C. TINGKAT-TINGKAT KEBIJAKAN PUBLIK / KEPUTUSAN KORPORASI:
Lingkup Nasional :
1. Kebijakan Negara: Kebijakan yang bersifat fundamental dan strategis dalam Mencapai tujuan nasional. ( TAP MPR, UUD, UU )
Yang berwenang: MPR, Presiden, DPR.
2. Kebijakan nasional: Kebijakan Presiden sebagai pelaksanan UUD,
TAP MPR, UU, utk capai tujuan nasional. Yang berwenang: Presiden
3. Kebijakan Pelaksanaan: merupakan penjabaran dari kebijakan
umum sebagai strategi pelaksanaan tugas di bidang tertentu. Yang
berwenang: Menteri/ pejabat setingkat menteri dan pimpinan Lembaga
Pemerintahan Non Departemen (LPND) dan pejabat pimpinan satuan kerja (eselon I, II, III di pusat)
4. Keputusan direksi / dewan komisaris korporasi tingkat pusat.
Lingkup Wilayah :
1. Kebijakan Umum: Kebijakan Pemda sebagai pelaksanaan azas
desentralisasi dalam rangka mengatur urusan RT daerah. Yang
berwenang: Gubernur dan DPRD Provinsi (untuk daerah provinsi), dan
Bupati/Walikota (untuk daerah Kab./Kota).
2. Kebijakan Pelaksanaan, ada tiga macam:
a. Desentralisasi: realisasi pelaksanaan PERDA
b.Dekonsentrasi: pelaksanaan nasional di daerah (pejabat eselon II, III, IV instansi pusat di daerah)
c. Tugas pembantuan (medebewind): pelaksanaan tugas Pemerintah
Pusat di daerah yang diselenggarakan oleh Pemda.
3. Keputusan Pimpinan wilayah /cabang korporasi.

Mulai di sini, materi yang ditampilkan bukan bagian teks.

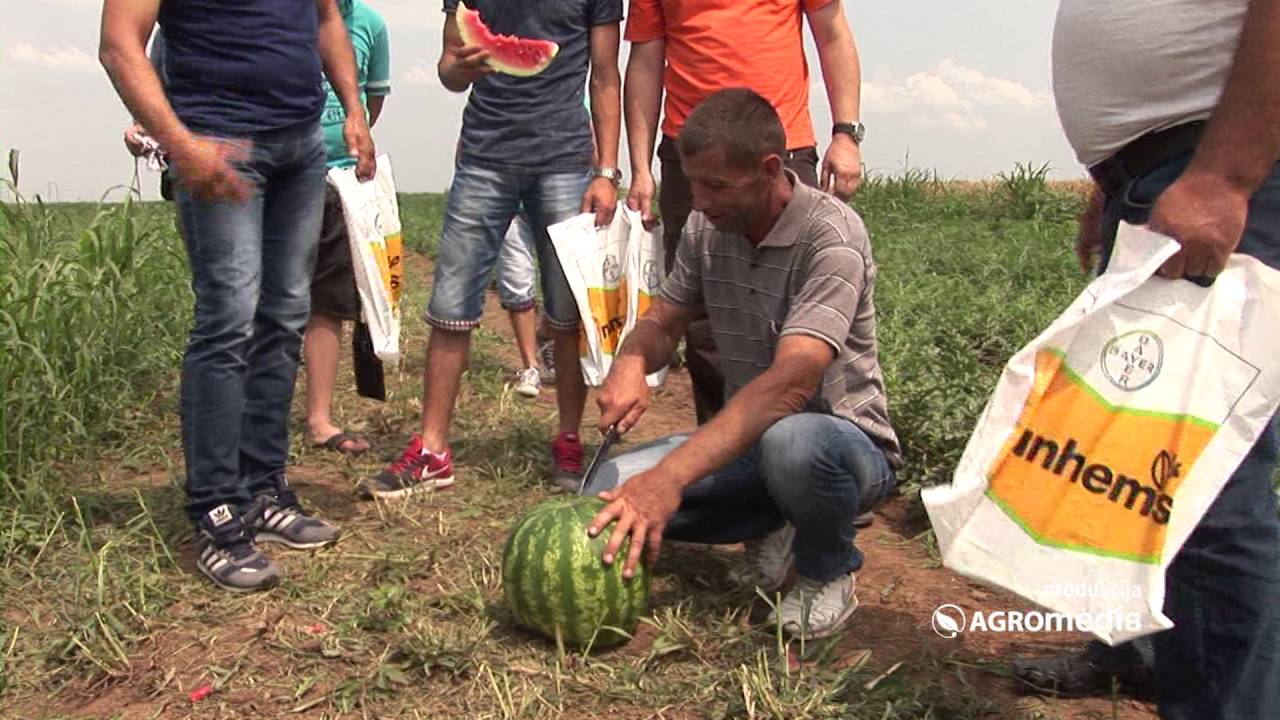 Pogledajte kako je bilo na Danu polja lubenice u Ašanji
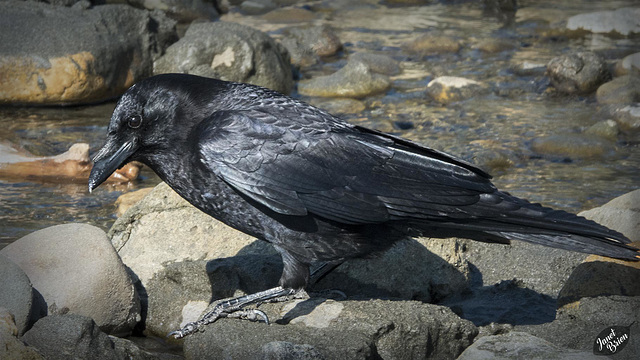 Crow with Breakfast on North Harris Beach  (+5 insets)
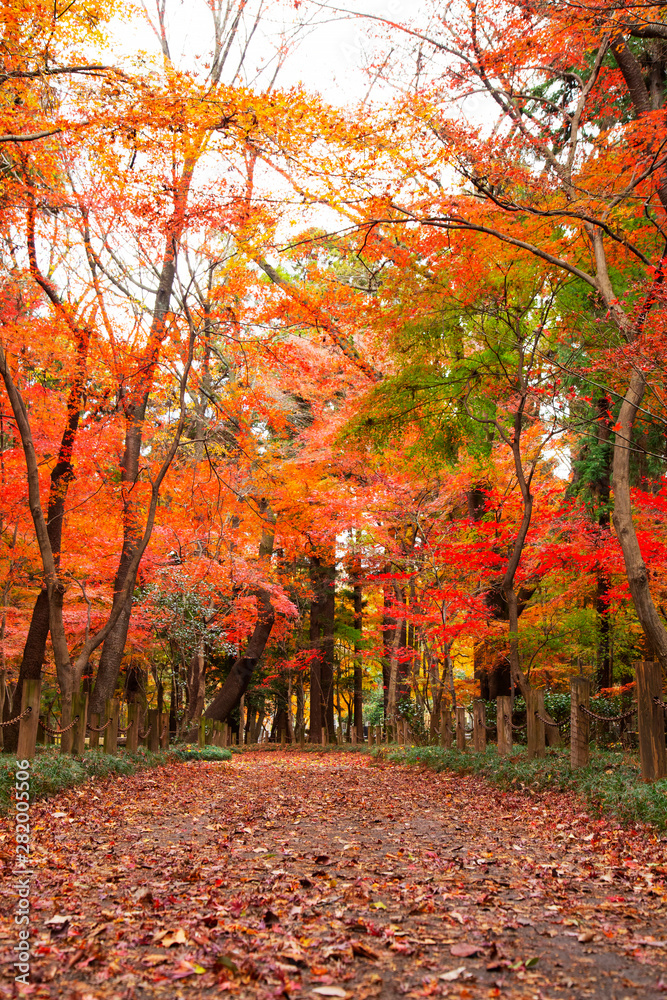 Autumn leaves in Heirinji temple precincts forest Autumn leaves in Heirinji temple precincts forest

D. LANGKAH-LANGKAH PEMBUATAN KEBIJAKAN ATAU KEPUTUSAN BIROKRASI / KORPORASI:
1. Perumusan landasan/dasar hukum kebijakan;
2. Perumusan Masalah obyek Kebijakan;
3. Perumusan Tujuan/Sasaran kebijakan;
4. Perumusan Alternatif-alternatif;
5. Perumusan Model /bentuk kebijakan;
6. Perumusan pembuat otoritas kebijakan;
7. Perumusan prosedur standar;

E. FAKTOR-FAKTOR YANG MEMPENGARUHI PEMBUATAN KEBIJAKAN PUBLIK / KEPUTUSAN KORPORASI:
Faktor Politik, kebijakan negara dan tujuan organisasi;
2. Faktor yuridis dan landasan perundang-undangan;
3. Faktor Ekonomi/Finansial;
4. Faktor prosedur administratif;
5. Faktor organisatoris dan otoritas kewenangan;
6. Faktor kepentingan umum, sosio budaya dan rasa keadilan masyarakat.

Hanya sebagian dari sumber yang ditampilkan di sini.